On the Duke of Devonshire's property at Lismore, ejectments, with their attendant cruelties, are unknown. I am sorry I cannot say so much for many other landlords. 'I am deucedly fatigued this morning,' said an attorney, upon whom a lady called one Monday morning: 'Yesterday we had some tough work; thirty-eight ejectments to put into effect, and a world of trouble they cost us; so tenacious were some of the people, that we had to pull down the roofs about their ears.'
Marriages, in the south-western district, are contracted at an earlier age than in any part that I had ever visited. Fourteen and thirteen are common ages for the marriage of girls ; fifteen is not considered at all an early age ; and there are instances of their having been contracted at so early an age as twelve. I am far from saying that these early marriages are universally encouraged by the Catholic priesthood for the sake of the fees; it is, however, frequently the case.
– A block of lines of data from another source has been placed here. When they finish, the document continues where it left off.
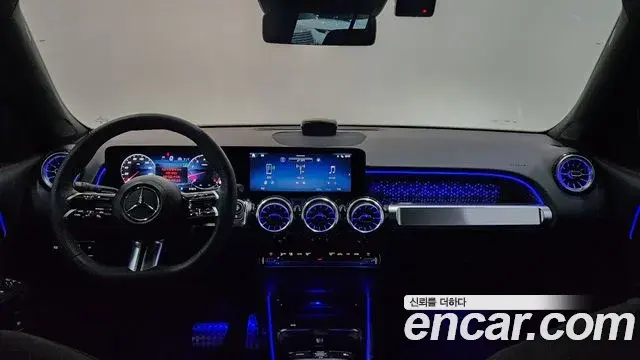 Mercedes-Benz GLB-Class 2025 — Фото 7/18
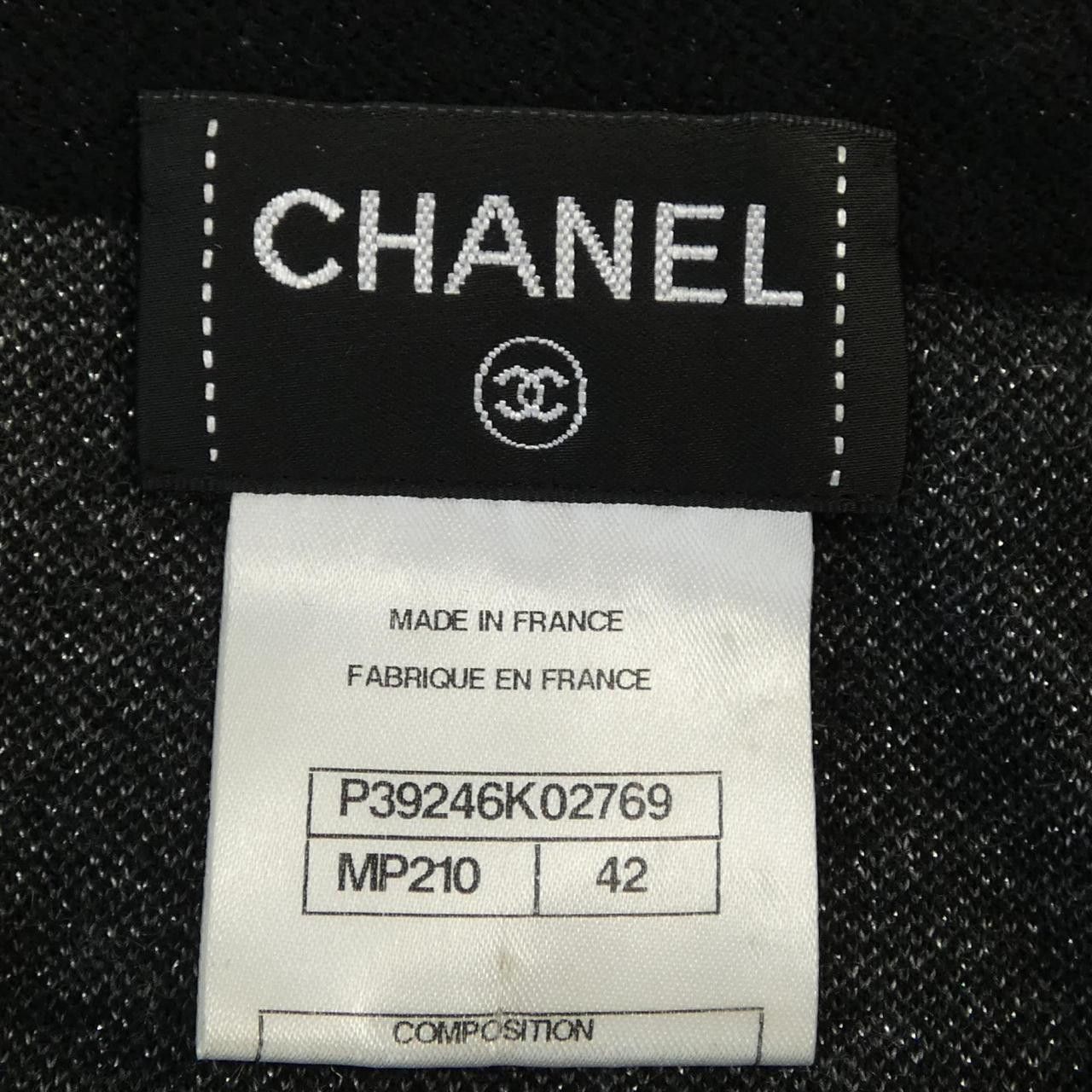 Chanel Chanel Chanel Cashmere Dress Textile Dresses P39246K02769 DUTY FREE for USA Size ONE SIZE - 4 Thumbnail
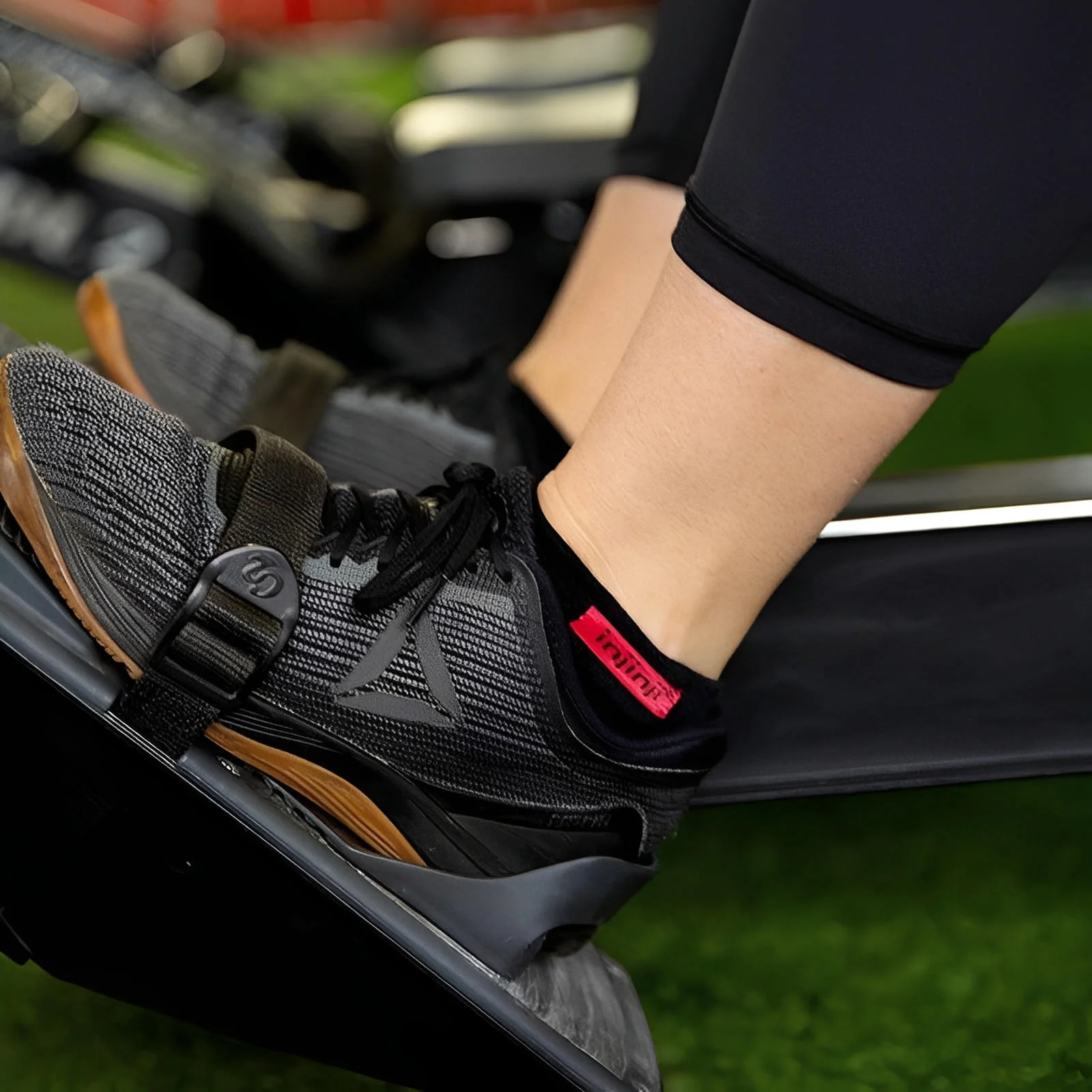 Injinji Sport Original Weight Mini Crew Socks - Image 5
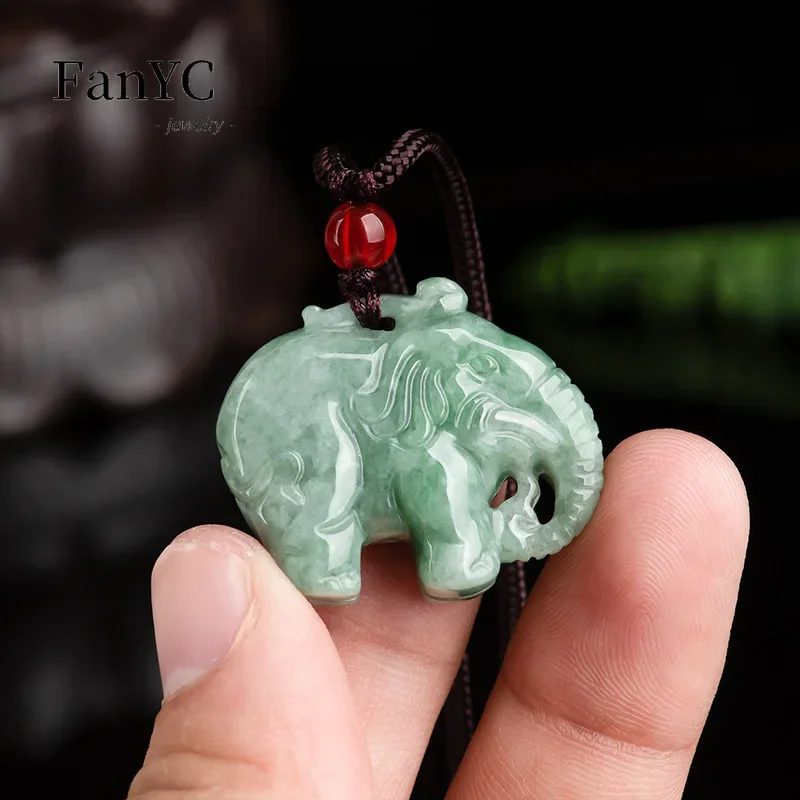 Myanmar A-goods Jadeite Baby Elephant Icy Jade Pendant Ręcznie rzeźbiony naszyjnik dla mężczyzn i kobiet Moda Prosta biżuteria Prezent świąteczny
At the Tralee sessions, which I attended, there were 1470 causes entered for judgment, and this was not considered a heavy list! Seventyseven of this number were ejectments, and the tremendous remainder was chiefly made up of breaches of contract-indicating, I fear, a woeful lack of veracity and just dealing, and a most indomitable spirit of litigi. ousness. Nor was I less struck with the list of criminal cases handed to me. One hundred and ninety-nine criminal cases at a quarter sessions, for one half of the remote county of Kerry!!—and of these, 174 cases implying the undue exercise of physical force!! The chief source of this crime is in the spirit of clanship—arising from assemblages of persons who fight with, and maim, and kill each other. These factions create far more disturbance and bloodshed than any of the associations for illegal purposes. I was in this county at the time of the memorable affair of Balybunian, when nearly two score persons were driven into the Shannon, and drowned, and knocked on the head like so many dogs. Such premeditated fights ought to be put down by the strong hand of the law. The great causes of these disturbances are the same as those which answer to the call of political agitation-imperfect civilization, and want of employment. I have little doubt that healing measures, coupled with an extensive and practicable system of education, and aided by a strong police, will gradually diminish the necessity for special measures of coercion. Let Government act with moderation ; let the tithe question be settled ; let the extremes of all parties be discouraged; let Irish interests not be sacrificed to a paltry economy; let the infirm and the aged poor be cared for; let the superabundant labour of Ireland be employed on her extensive wastes; let public works be undertaken; let agitation for all dishonest purposes be firmly met, and agitators scorned ; let the Church be wisely but thoroughly reformed; let the Government show a sympathy with the real evils of the country,
and a determination--spite of landlords-spite of Church dignitaries spite of agitators of all kinds—to do justice, and Ireland will continue but a little while longer, the distracted, poverty-stricken, crushed, and unhappy land which a century of neglect and misgovernment has made it.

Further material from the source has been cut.